Cell culture studies revealed that AgNPs are able to induce cytotoxicity in human cell lines including human bronchial epithelial cells, HUVECs, red blood cells, macrophages, liver cells, etc., particularly for those with sizes ≤10 nm. The cytotoxicity of AgNPs has been reported to be a dose-, size- and time-dependent manner. Similarly, there is much debate in the literature on whether AgNPs or silver ions exert toxic effects in mammalian cells. In vivo animal model tests have shown that AgNPs can pass the BBB of mice through the circulation system, thereby inducing neurotoxicity and neuronal death.
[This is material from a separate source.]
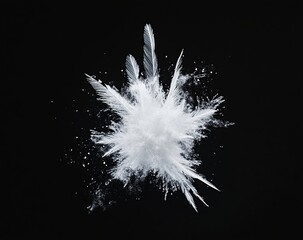 Poster - White Powder Explosion on Black Background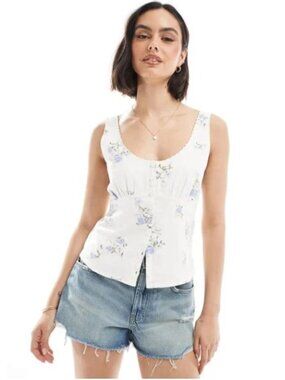 Hollister Linen Blend Collection Low Neckline Button Down Vest Tank NWT size XL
Furthermore, AgNPs tend to accumulate in mice organs such as liver, spleen, kidney and brain following intravenous, intraperitoneal, and intratracheal routes of administration.

In spite of the widespred use of AgNPs in healthcare and cosmetic applications, several challenges remain to be overcome. The development of AgNPs and their nanocomposites, having both antimicrobial properties and no cytotoxic effects, is crucial for treating bacterial infections. AgNPs have been shown to be nontoxic in mouse fibroblasts, NHDFs and HCECs [21,26,28,29]. However, they are considered to be toxic to most human cell lines. More recently, biosynthesized AgNPs have been reported to be effective in killing multidrug-resistant bacteria [38,40,106,107]. Green synthesis of AgNPs generally suffers from some drawbacks, such as selection of appropriate plant extract, long reaction time, and difficulty in controlling the size and shape of AgNPs. The nature of biomolecules present in the plant extracts plays a crucial factor in the biosynthesis of AgNPs. In this respect, the quality of selected extract is considered to be of great importance [256]. Thus, it needs a systematic, reproducible, and scaled-up process for preparing green AgNPs with desirable antimicrobial properties and low toxicity. Finally, many in vitro studies in the literature employed several specific bioassays for evaluating cytotoxic effects of AgNPs. Standardization of bioassays is useful because it can provide a reliable and reproducible data for evaluating the mechanism responsible for cytotoxicity of AgNPs.